Reviewed by Robert Middlekauff

This volume, the nineteenth in the Presidential Series, finds George Washington hard at work in service of a country that he had done more to bring into existence than anyone in the world. It reminds us that he had spent a major part of his life striving at the behest of a people he believed had been called into being by Providence. His own sense of himself had held firm over the years, though by 1783 his early commitments to the United States may have settled simply into a quiet resignation to do his best. The passion of the Revolution had, in a sense, faded for him, yet the convictions of the great years of the war had not. Winning independence was one thing; making something of it, another. The nineteenth volume of the series of his presidency takes its place in the attempt to reconstruct his part in an effort that called into being talents fashioned in a lifetime of service.

The Washington Project, located in Charlottesville, Virginia, is now in its second half century. This review is not the place to assess the entire effort, or even to list its chief editors; but a short comment on the various series covering Washington’s correspondence from the beginning of his life to its end surely is appropriate. So far, the project has included his diaries (six volumes), and five additional series: Colonial (ten volumes), Revolutionary (twenty-two volumes), Confederation (six volumes), Presidential (nineteen volumes to date), and Retirement (four volumes). The organization of the project into several categories makes sense, and offers a means of thinking about Washington’s life and his time. Including letters to him adds enormously to one’s ability to understand and use his letters. The best earlier collection edited by John C. Fitzpatrick—thirty-nine volumes published in the years 1931–39—included only a few of the letters written to Washington. The modern collection, including volume 19 of the Presidential Series, provides all the letters written to him, fully annotated. One may be sure that the texts of the letters have been carefully established, and the annotation shows a careful hand throughout. As one who has used several of the Washington series, I can express gratitude and admiration to the several generations of editors who have done a massive amount of work on the Washington Project.

The volume under review includes Washington’s correspondence near the middle of his second term. His first term had been filled with problems of great scope: putting together a new government for the United States, deciding how its debt should be paid, establishing its offices, defining as clearly as possible its relations with other nations, and, among many other things, finding the men to make it work. He also had faced a variety of other problems lingering from the Revolution—for example, issues with veterans, the army, and the navy. Then there were those matters commonly thought of as personal—his family in Virginia, Mount Vernon, and the business side of his farming.

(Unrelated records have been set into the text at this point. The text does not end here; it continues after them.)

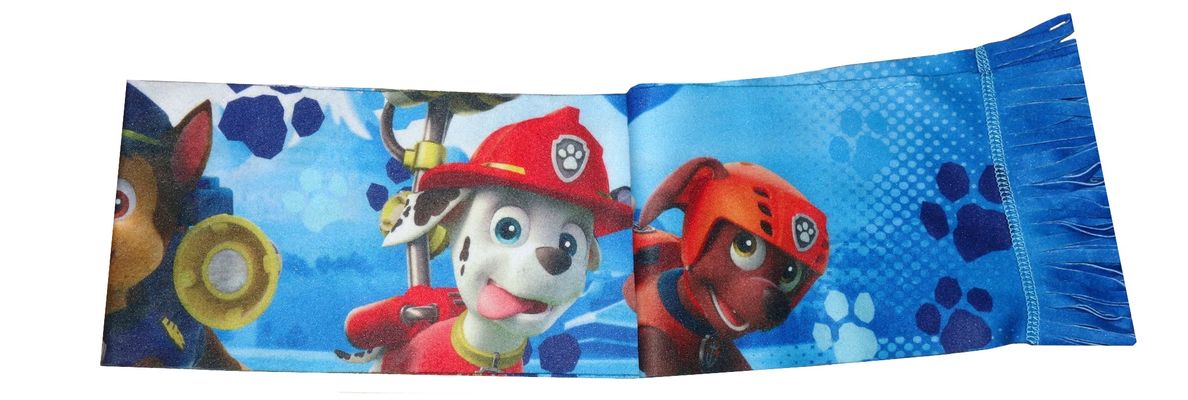 Chlapecká šála Paw Patrol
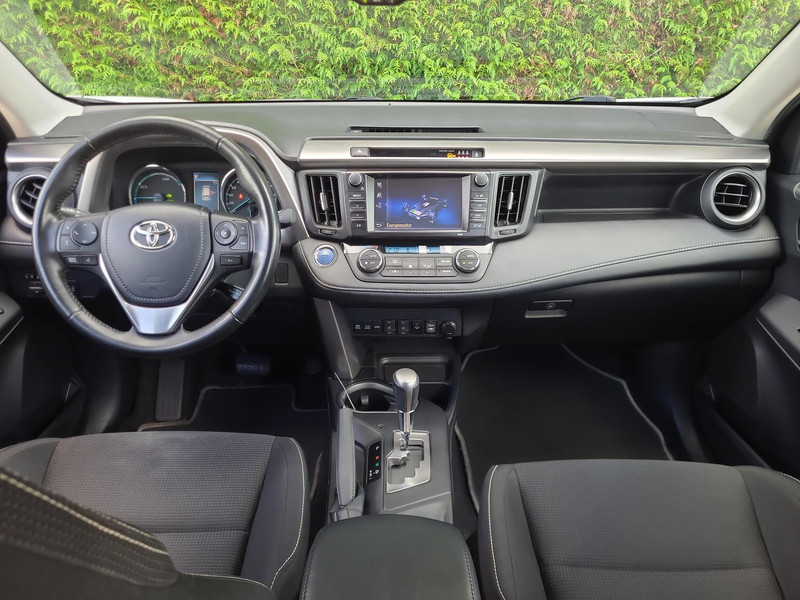 Foto van Toyota RAV4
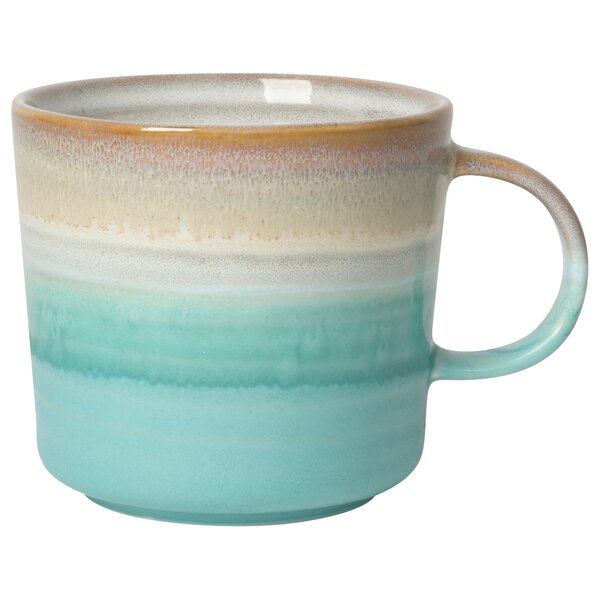 High Appearance Level Terracotta Creative Mug Nordic Ins Cup Girls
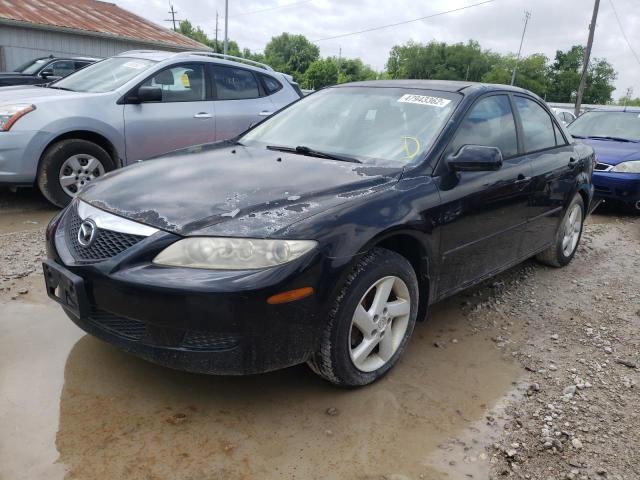 Photo 2 from auction – 2003 MAZDA 6 I with VIN 1YVFP80CX35M48214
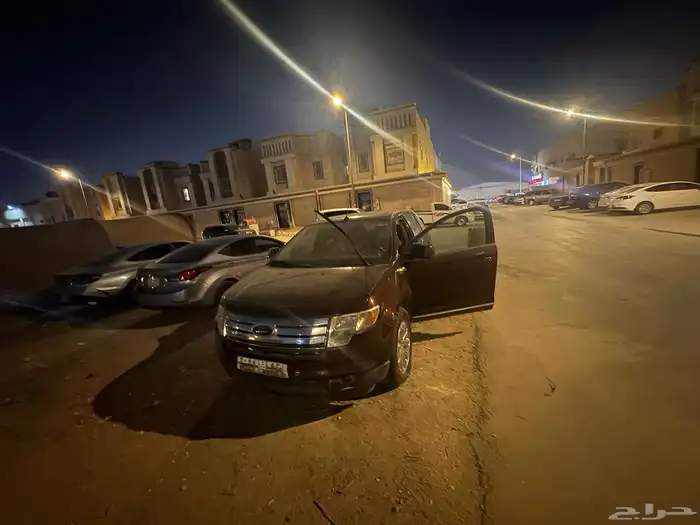 فورد ايدج 2009 0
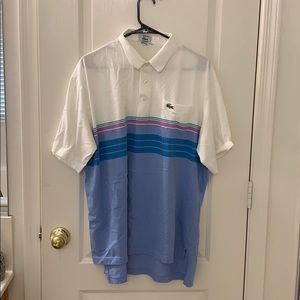 Vintage Izod Lacoste polo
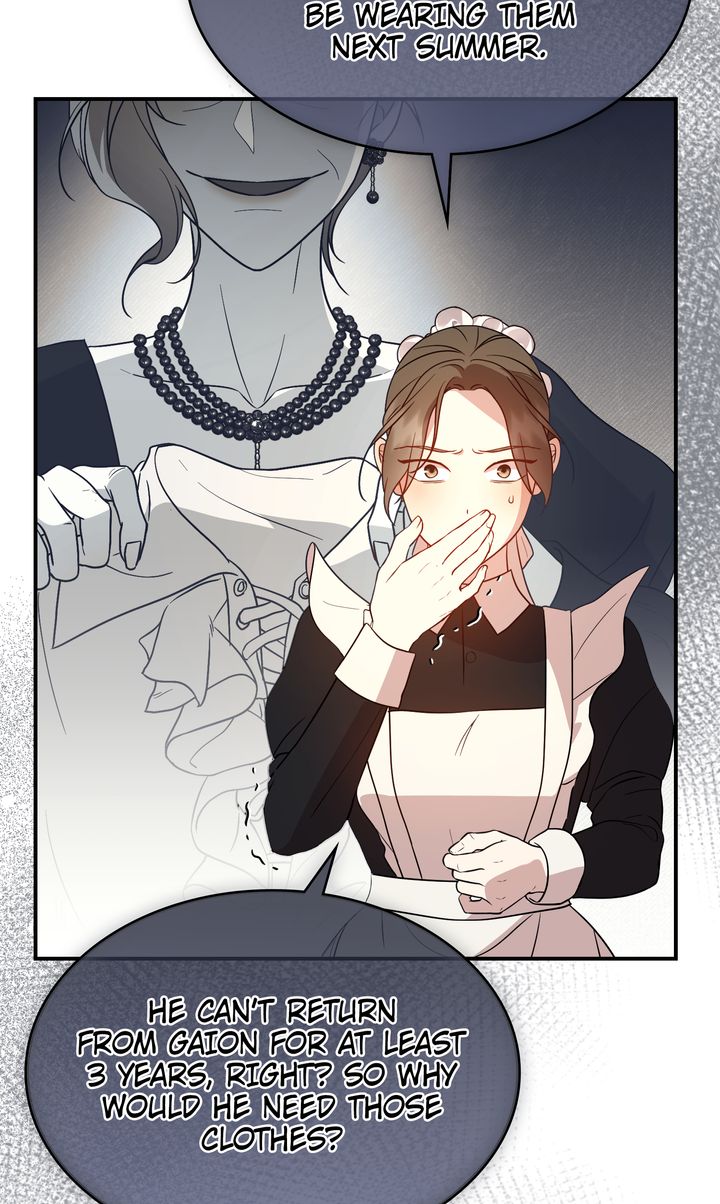 I’ll Save a Decent Family Chapter 150 - Page 36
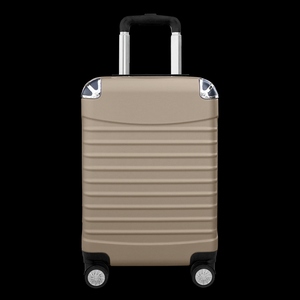 Top ventas 208 Abs Hard-Shell Maleta Metal Protect Corner Maletas de viaje Accesorios negros Juegos de equipaje 360 Ruedas giratorias - Product Image 6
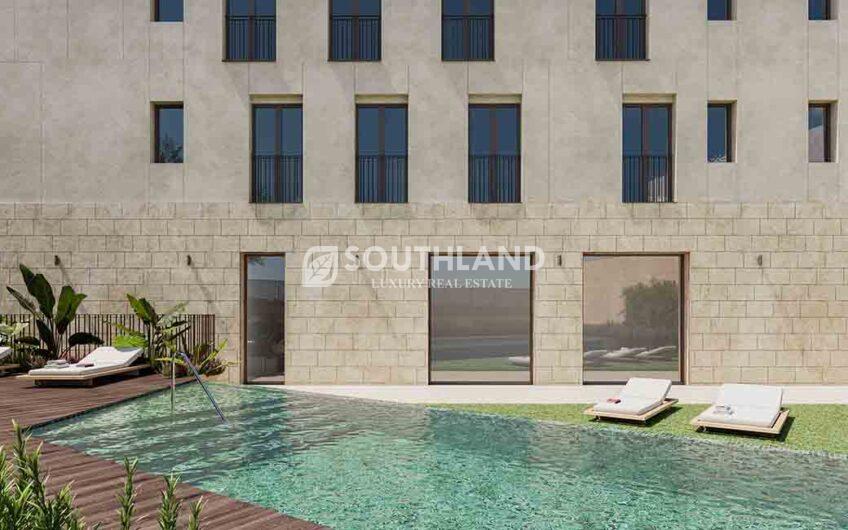 VIRIA Obra Nueva en Valencia Costa Blanca 1 a 4 dor desde 207.000€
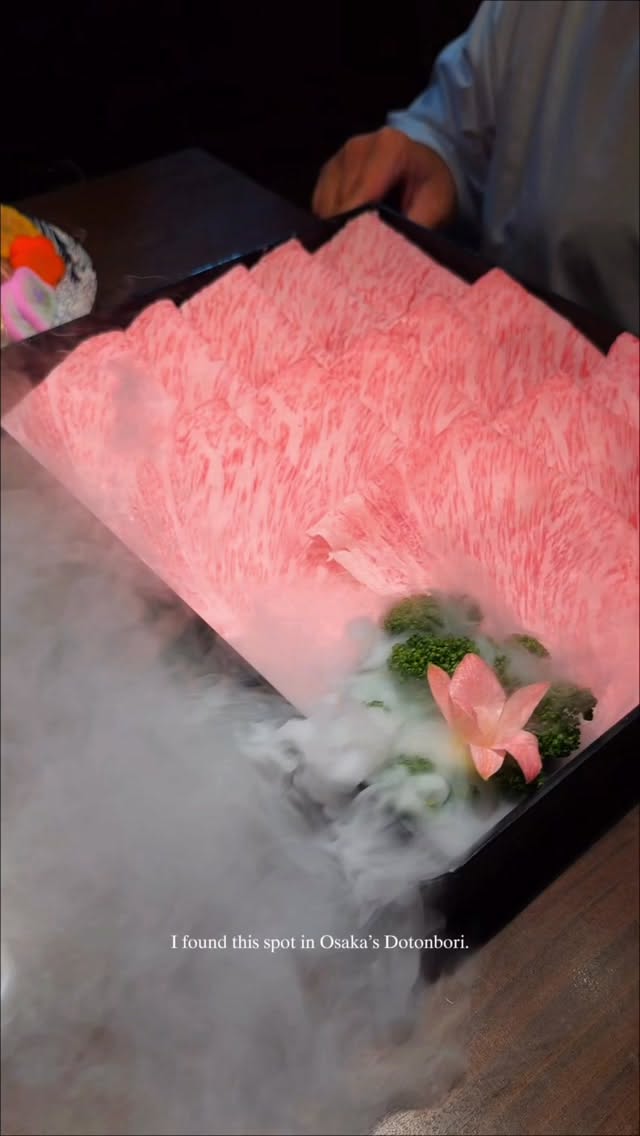 All-You-Can-Eat Sukiyaki Restaurant in Osaka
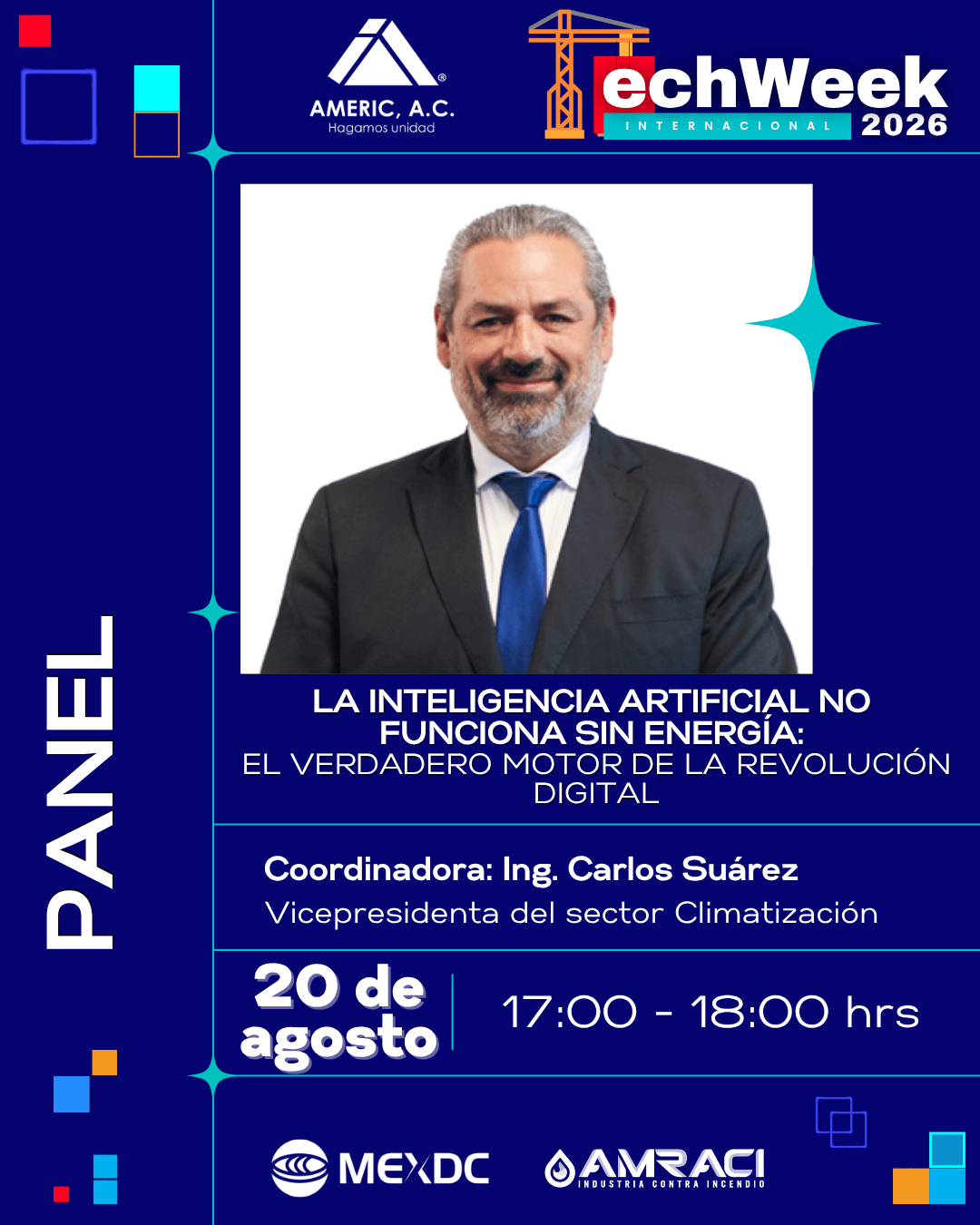 Ing. Carlos Suárez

Washington had every right to feel tired—in fact he was tired—but much still was expected of him in America and abroad. Shortly after taking office, he made several trips in order to gain a close-up look at the American people, and to give them an opportunity to scrutinize him, and, perhaps, to celebrate his leadership in the Revolution. For much of his life he had assumed leadership.

Examination of his correspondence in the years following the great demands of his first term as president reveals that, though he was tired, his fatigue did not rob him of determination to give his best to his country. Doing so did not mean that he confronted nothing but crises everyday. His correspondence reveals something quite different—the first presidency was made up of small as well as large problems and duties. Much of what he had to do fell under the category of routine: appointing officials to carry out the obligations of government, for example. Reading the letters to him leaves the impression that six years after the beginning of his first term the US government was not large enough, that there was need of more officials, perhaps a layer of bureaucrats who might have relieved the president of such duties as approving the appointments of lighthouse keepers, or collectors of tariffs on imports. To be sure, Washington did not have to generate the candidates for such jobs, but he did have to look at recommendations of such people. What moved him in these actions was probably a desire to get things right. He was acting in an arena of a new national government that required help in getting its footing. Washington was very much aware that precedents were important, for like it or not, everything his administration did would serve as a model for those who followed in the next administrations.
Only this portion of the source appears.